On the fourth floor of the U of M’s Rackham Building, an elegant staircase leads to a hallway lined with paintings created by artists who primarily work with botanical and biological subject matter. The exhibit, “Biology and Art in the Creative Mind”, includes four of artist Katie St. Clair’s recent paintings. In them, she brings bits of photographs and paint alive in her vibrant landscapes.
One of these paintings, “Silt,” St. Clair describes as “An image of dandelions with their fresh green leaves, except they don’t have their yellow tops on. Their tops are already turning to seed so the tops are all white. The dandelion flowers almost look like they could be butts and become kind of a haze on top of the image,” said St. Clair. A shiny black substance oozes down at the bottom right. “It feels like oil or tar or something not of the natural environment and it forces the landscape into a new dimension, developing the story in a different way,” she said.
A full time bike commuter, St. Clair uses ideas and photographs from what she sees while biking in her art. “I’m constantly bringing new information from what I see at the roadside into my studio,” she said. This is a crucial part of her artistic process. As a result, her paintings are often of natural landscapes as they meet those of human creation.

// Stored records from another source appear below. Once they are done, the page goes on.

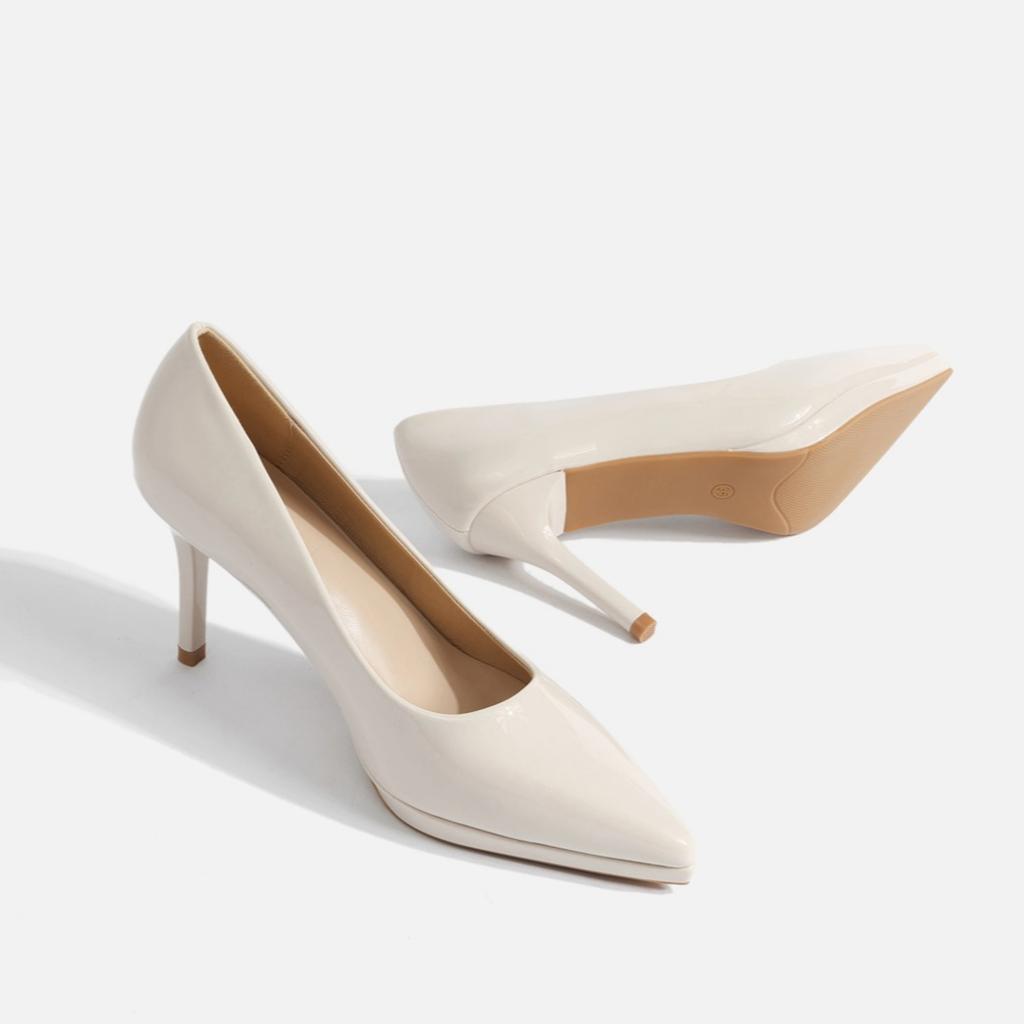 Waterproof Platform High Heels Stiletto Pointed Toe Single Shoes Fashion Patent Leather Business Women's Shoes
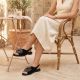 6. Women's closed-heel sandals with sequins, black Potocki 43349
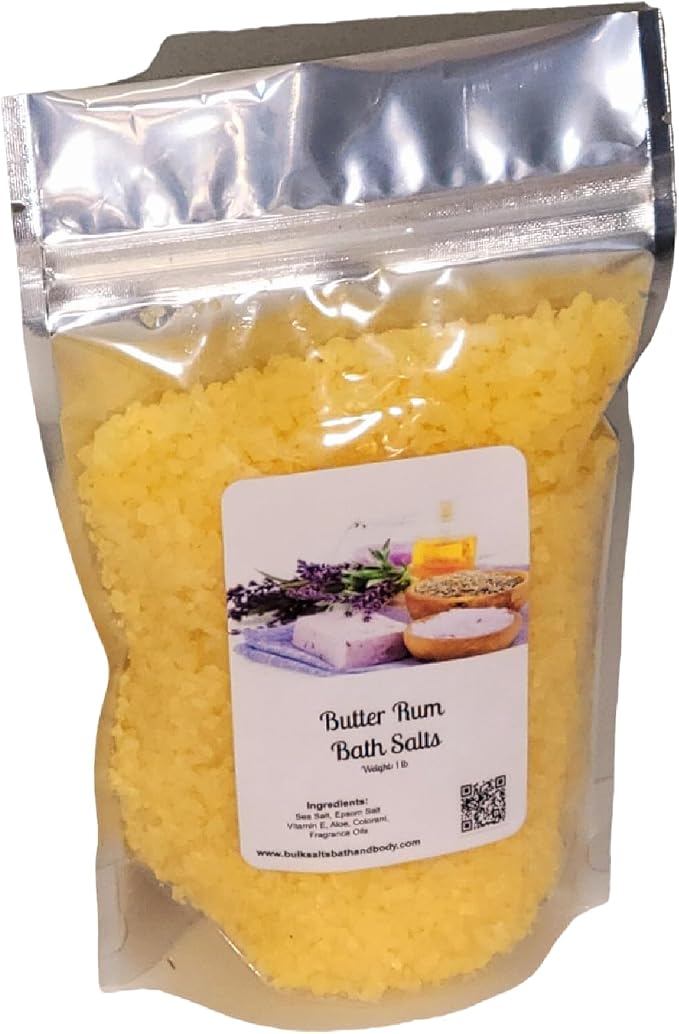 Bath Salts | 1lb Bag (16oz.) | Choose Your Scent | Epsom Salt | Sea Salt| Bathing | Body Care | Beauty | Relaxation | Spa | Pedicure | Manicure | Soak (Butter Rum)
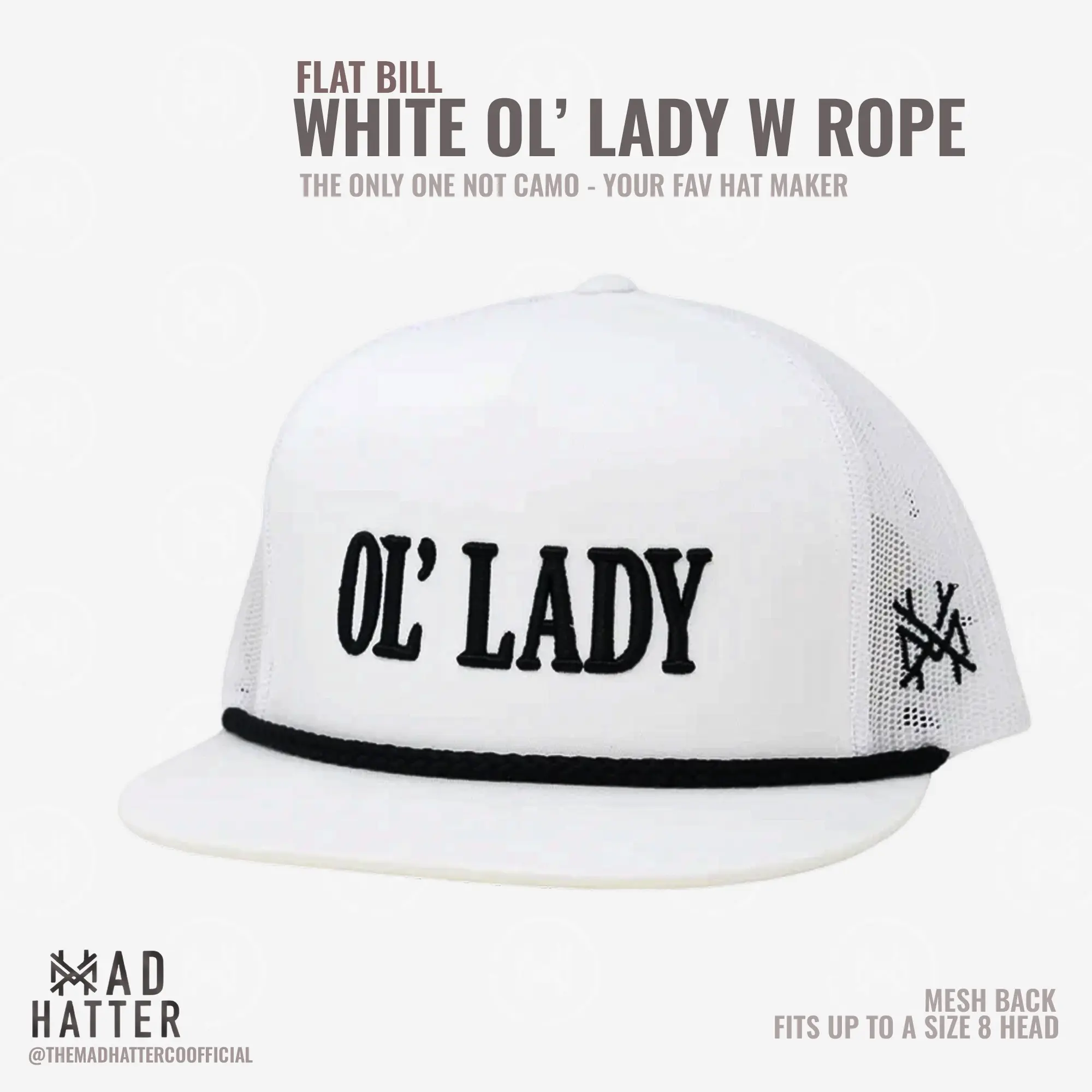 Flat Bill White with Black Rope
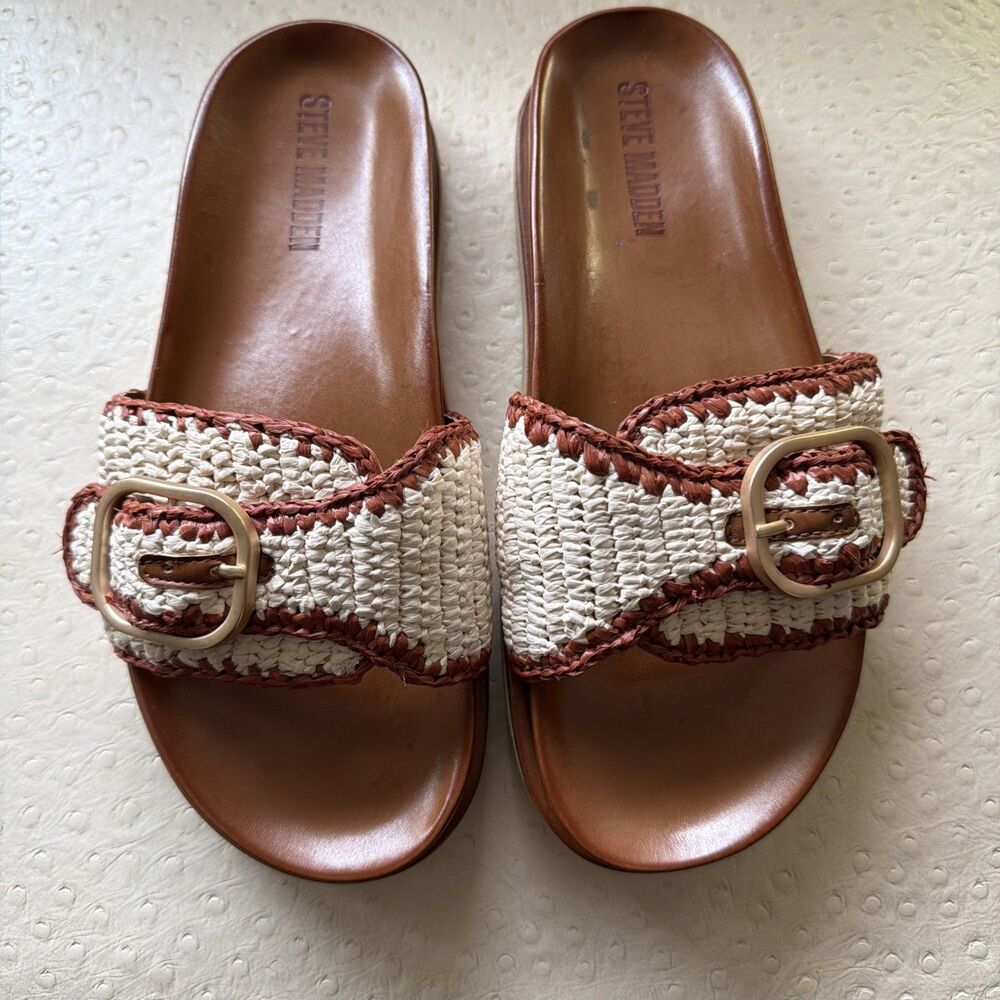 Steve Madden Women's Memphis Raffia Sandal Cognac 8.5 NWOB Boho Festival Cottage - Picture 2 of 6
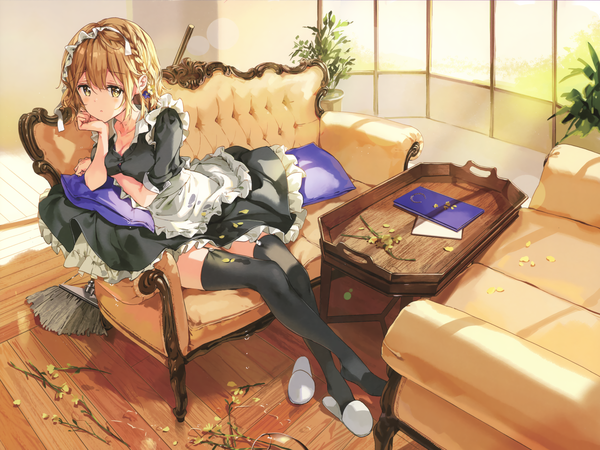 Anime picture 3780x2836 with masamune-kun no revenge silver link koiwai yoshino tiv single looking at viewer blush fringe highres short hair breasts open mouth blonde hair hair between eyes sitting yellow eyes absurdres cleavage full body indoors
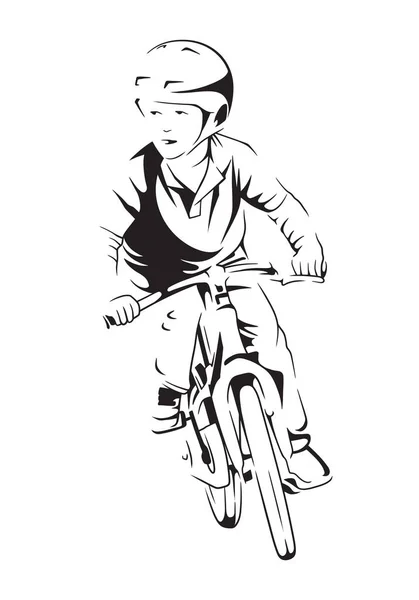 Boy Riding Bicycle Vector Line Art Illustration — Stockvektor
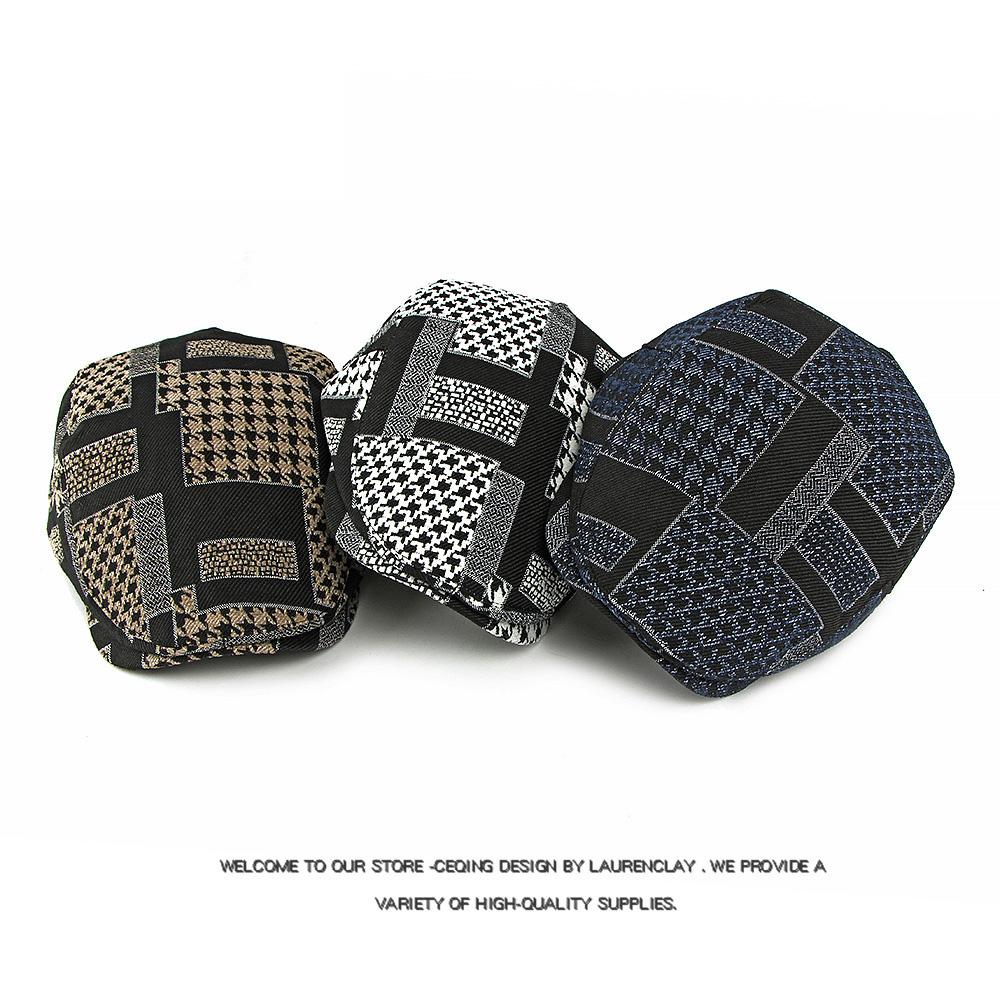Autumn Color Block Hat Men's Beret British Peaked Cap Vintage Forward Cap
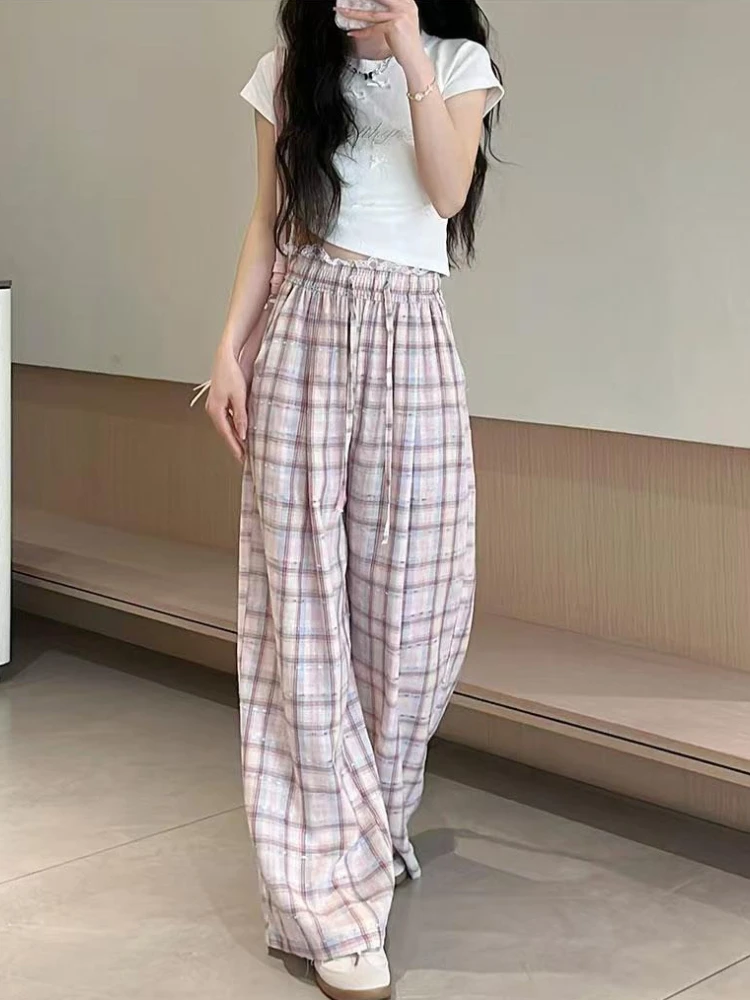 レディース チェック柄 パンツ 高品質 クロップド丈 ミディアム Gトレンド 2025 クラシック XXL 90年代風 ウェア エステティック ワイドレッグパンツ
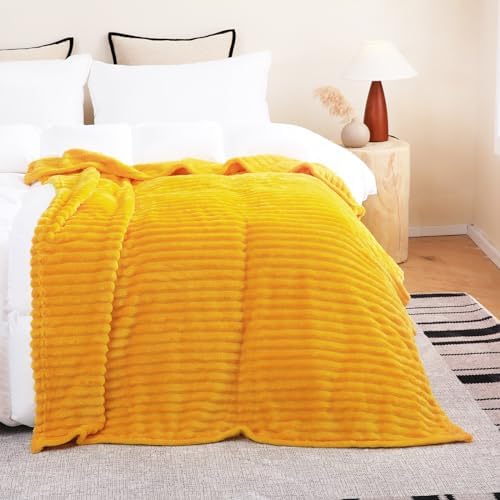 Gold Fleece Throw Blanket 108”×90” for Couch Sofa Livingroom - Image 2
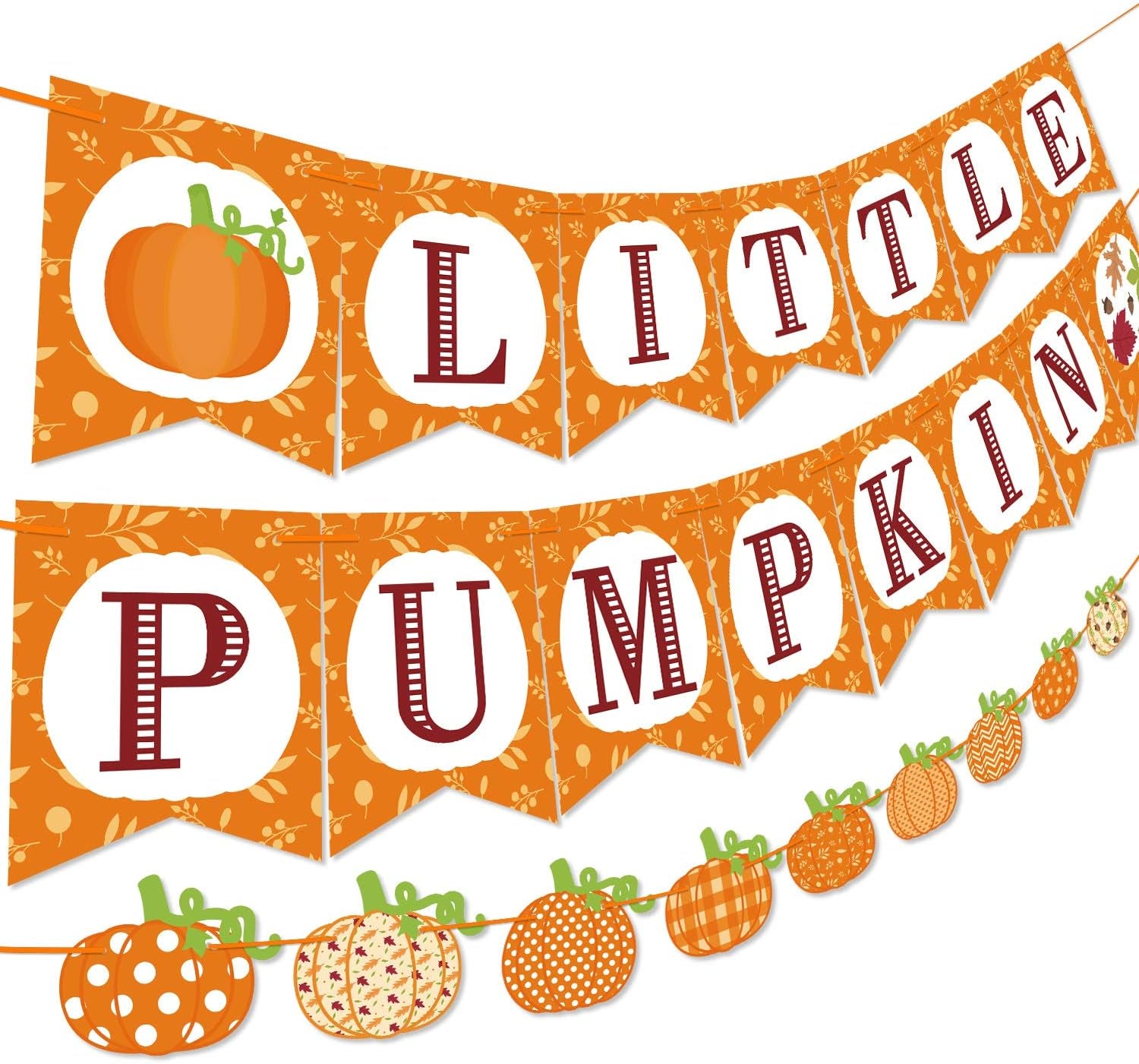 Little Pumpkin Banner, the Cutest Pumpkin in the Patch Welcome Little Pumpkin for Fall Baby Shower Baby Boys Girls Birthday Party Supplies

In her studio, she prints her photographs and then begins to weave them with paint, building layers of collage. “I use collage as I would use paint stroke, to cover up information and image that information in a new way,” she said. Sometimes she uses a sander to pull covered up images to the surface. This is a process she has been developing for year. “It’s a puzzle in a way, a kaleidoscope of fractured images and the puzzle is, is it working, is it not working, why is it not working, what could make it work better and this processing of trying to figure out the puzzle,” she said.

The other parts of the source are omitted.